If the defendant's handling of the goods occurs only in the course of the stealing, he cannot be found guilty of handling by receiving; see Theft Act 1968, s. 22 (1). But, if he handles them later, i.e. after the stealing, he commits an offence under the subsection. It is, therefore, perfectly possible for a man to be guilty of stealing and receiving the same goods.”

30.

Fourth, it is submitted that the Judge erred in reading into the warrant that the appellant received the goods from a person who was also involved in the theft or a “third party”, whereas the warrant is silent on the identity of the seller. However, it seems to me that the Judge’s conclusion must be right.

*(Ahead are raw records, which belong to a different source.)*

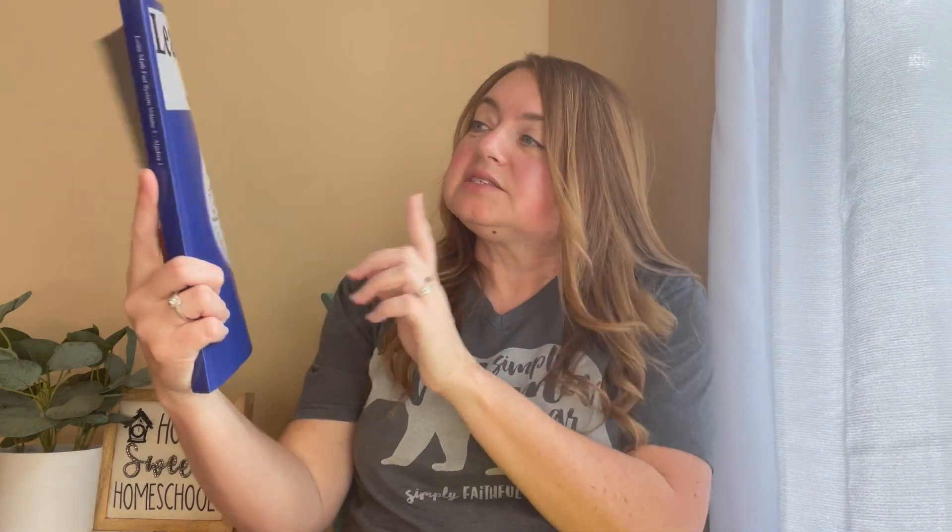Next year we're going to be using Learn Math Fast — the algebra volume, which is Volume 5. They also have geometry and algebra two, but we're going to do algebra one. I believe it has about 36 lessons, but we're not going to rush through them. My plan is to really take our time and make sure he understands. We'll do the lesson together, work some problems, then I'll give him some to do on his own. The next day we review if needed, then he works the other half. That worked really well with pre-algebra and I think it will with algebra one too.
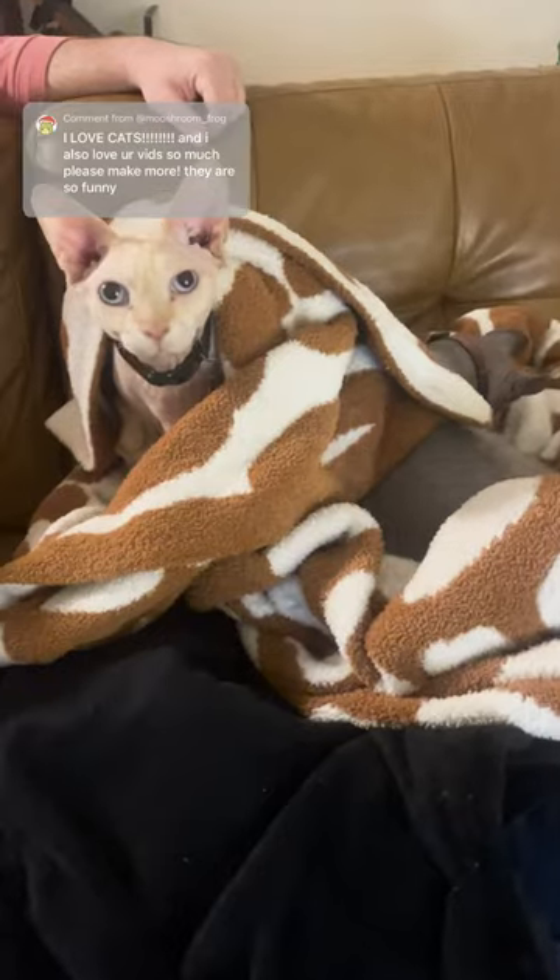All of our animals are really cuddly with each other and they have a very good relationship. Don't ask me to pick a favorite though.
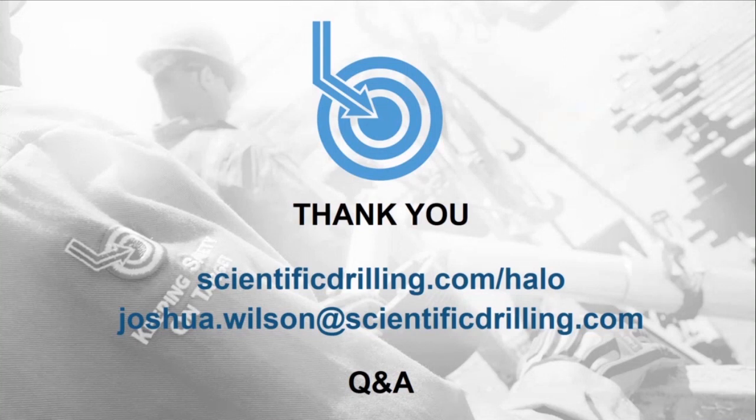Moving to Q&A. First question: is it required to run the Scientific Drilling MWD tool? Yes, as of now, because it's an integrated system — the entire thing gets shipped to the rig pre-assembled. We have run an additional MWD above the Halo so you can have two MWDs in the stream if you choose, but right now it is Scientific Drilling MWD only because of the integrated system design.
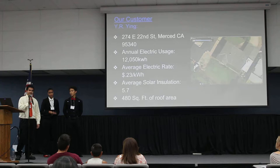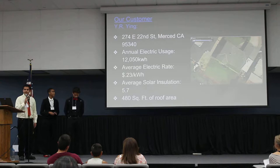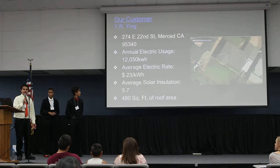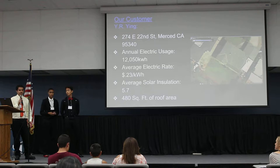Our first customer example is the case of Mr. Ying. His annual electric usage was 12,050 kilowatt-hours and his annual average rate was 23 cents per kilowatt-hour. He gave us 480 square feet of surface area to use for our solar panels.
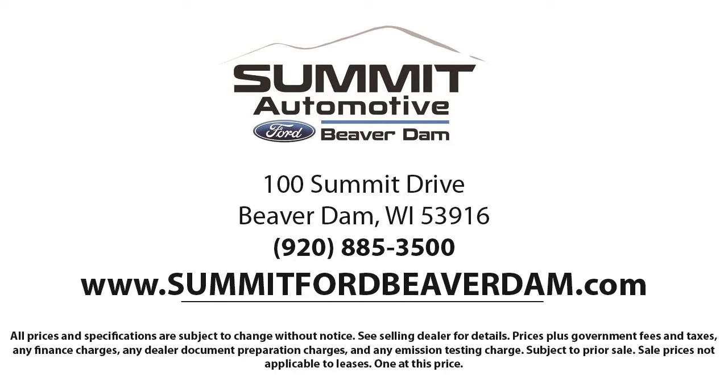We offer a variety of financing services, so you can get the vehicle you want without a problem. We also offer full auto service and car repair, so you can get the best care for your purchase.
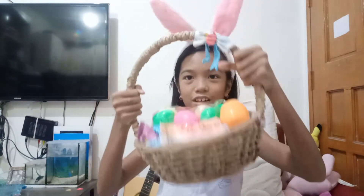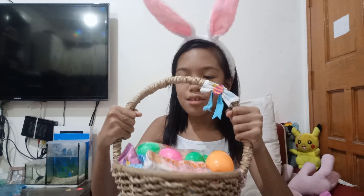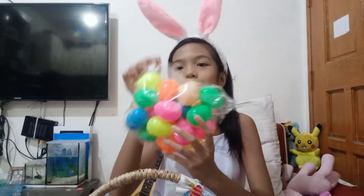Alright guys, now I'm wearing my Easter bunny ears! Look what the Easter bunny found — I have a basket with snacks and a giant egg. Let's see what's inside. Wow, it's so cool — it's an egg toy, look at that, I have egg toys!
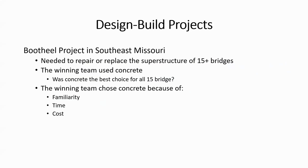I want to spend some time talking about design-build projects — and this is a steel program, but I'm going to share both the good news and the bad news. We have had mixed results with structural steel in design-build projects in our part of the country. The first one that came through was called the Boot Heel Bridge Bundle in southeast Missouri. MoDOT wanted to repair or replace as many as 15 structures, and the winning contractor used concrete for all 15.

There are only two possible types of seller of the goods to him: someone involved in the theft or a third party. That covers the entire world comprehensively. This criticism is misplaced: the Judge was only expressing what is a logical inevitability.

31.

Fifth, the principal criticism is that the appellant’s receipt was not otherwise than in the course of stealing because of an insufficient lapse of time. This is an issue that arises from time to time in criminal courts: when the course of stealing ends. As noted, the point of section 22 is to prevent a person involved in the theft immediately becoming a receiver or handler in the second sense at the point the appropriation is complete. The natural and ordinary meaning of the phrase “otherwise than in the course of stealing” is that the course of stealing involves the actual point of appropriation along with a limited but not extended time for the thief to make off with the goods and successfully complete the theft. Then the course of stealing is complete. However, I cannot think that this extends to the next day on most factual scenarios and certainly not in the case of what appears to be a commonly encountered burglary of premises, here those being decorated. There can be little doubt that by Day 2, the course of stealing has comfortably ended. The thieves have got away with the goods. The next day if one of the thieves – for whatever reason – is in a position to sell the fruits of the theft including the angle grinder in question to the appellant, in receiving the angle grinder from that other person, the appellant’s conduct amounts to the first section 22 offence under the Theft Act 1968. The position is precisely the same if the seller the next day is a third party. The number of hands the goods the appellant has helped steal have then passed through before the sale to him is immaterial.

32.

Sixth, I cannot accept the submission that “it makes no sense” that having been a joint thief, you then purchase some of the same goods the next day. One can immediately envisage a range of factual scenarios where exactly that happens, including a hierarchy of criminality. Those involved in crime frequently play different roles; some are dominant, some subordinate. But the chief point is that there is nothing under the statute that prevents it amounting to a section 22 offence. The submission is not a proposition of law but a species of jury point.